Se reivindicó que Alberto Fernández fue crítico, pero se resaltó menos de qué fue crítico. No tomó distancia sólo de una forma de tratamiento de la gestión de gobierno o de los métodos de conducción, sino de medidas consideradas como disruptivas y que llevaron a fricciones con factores reales de poder e incluso para muchos fueron fundantes de la identidad kirchnerista: la Ley de Medios o la disputa con las patronales del campo. Fue un crítico por derecha. Renovador de Sergio Massa en 2013 y su moderna propuesta de “sacar el Ejército a la calle” para solucionar la “inseguridad”, votoblanquista -parece que perdonable- en 2015 y acompañante terapéutico de la resentida campaña de Florencio Randazzo ¿Alguien se animaría a aseverar hoy que “a la izquierda de Les Fernández está la pared”?

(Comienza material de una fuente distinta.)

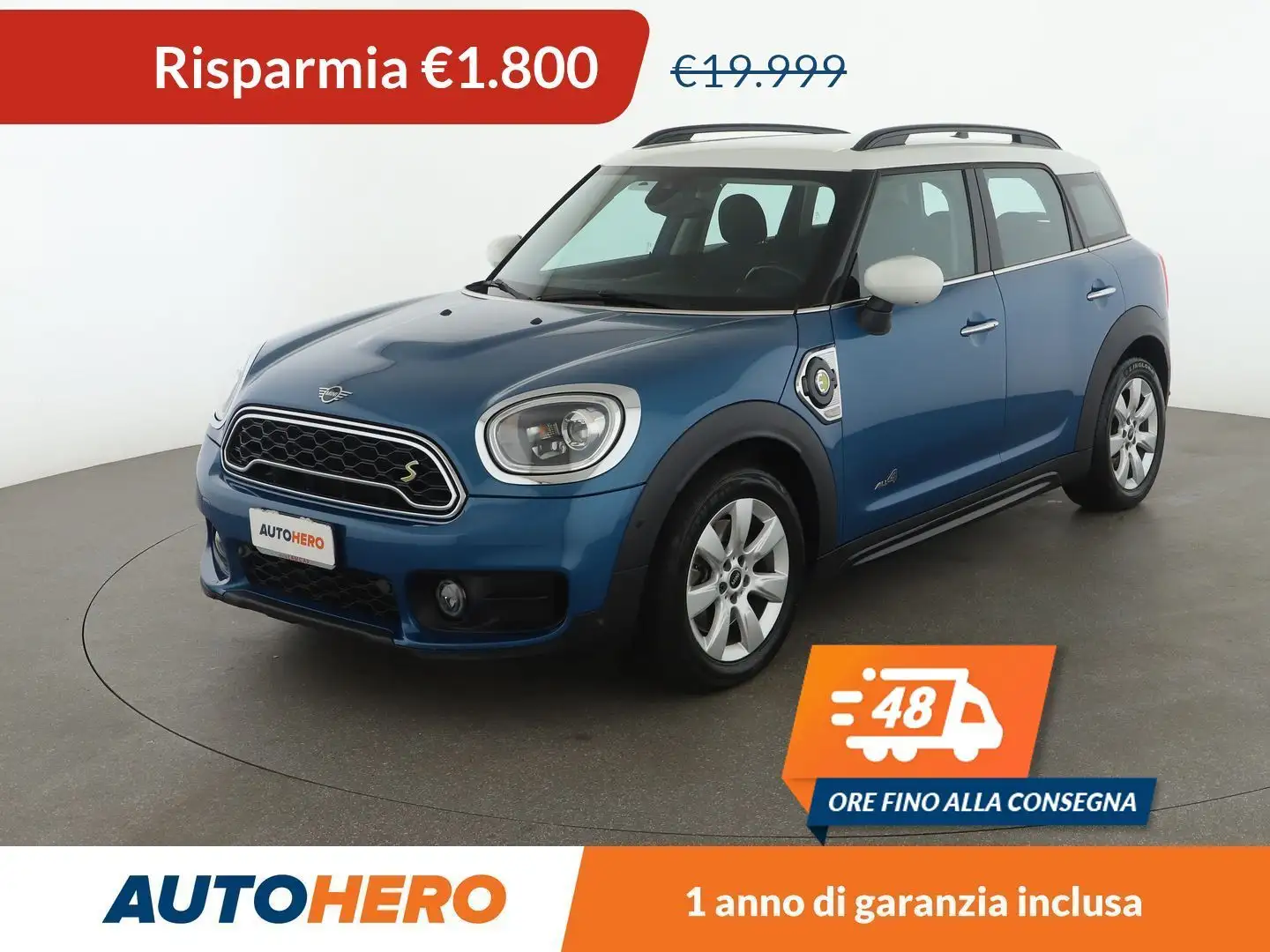 MINI Cooper SE Countryman Cooper S E Hybrid Business Automatica  ALL4 PHEV Blu/Azzurro - 1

En sus primeras declaraciones confirma el itinerario: la estafa de una deuda ilegal e ilegítima de repente se transforma en legítima porque “fue tomada por un gobierno democrático”. Matías Kulfas, uno de sus referentes en economía, sentenció que “el Fondo es un actor que llegó para quedarse”, que quizá haya precios cuidados, pero sobre todo “salarios cuidados”; dispara contra la grieta “expresada como un conflicto entre visiones o intereses extremos y sin puntos de encuentro”; una pasión renovada por el pragmatismo libre de ideologías porque “no creo que las herramientas sean temas inmutables e ideológicos, las herramientas son herramientas”. Ni mucho Estado ni nada de Estado. “Mercado hasta donde sea posible y Estado hasta donde sea necesario” aseguraron alguna vez los referentes de la desangelada “tercera vía” de Tony Blair, Bill Clinton, Fernando Henrique Cardozo o Felipe González, formados en la escuela de Anthony Giddens. Aquella “Corea del Centro” internacional refutada, a veces con agudeza, hasta por Chantal Mouffe[i] (¡hasta dónde hemos retrocedido!) que polemiza con la utopía liberal del “centro radical” que “promovió una forma de política tecnocrática según la cual la política no constituía una forma de confrontación partisana, sino una administración neutral de los asuntos públicos”. Las herramientas que son herramientas.
En un reportaje en el canal online de El Destape, Horacio Verbitsky hace notar la extrañeza de que en la primera entrevista de Alberto Fernández con Página 12 “no hay una palabra sobre la situación de los trabajadores”. Aturden los tres segundos de un silencio incómodo. En un terreno vital para la ampliación de derechos como es el aborto, afirma que no es necesario avanzar tan rápidamente en la legalización, porque es con todos y todas, verdes y celestes.
Se activa el operativo agigantar la crisis para achicar las expectativas, el mal menor hasta el paroxismo, el país normal como máximo horizonte de lo posible y acá tenés los pibes para la moderación.
Uno es uno y sus circunstancias dijo comprándolo todo Ortega y Gasset. En las actuales circunstancias, el uno elegido fue una opción de “realismo capitalista”, realpolitik como le dicen académicamente al posibilismo y es obligatorio alertar que se puede ser hiperrealista e igual estrellarse contra lo imposible.
[i] Mouffe, Ch., Por un populismo de izquierda, Siglo XXI, Buenos Aires, 2018.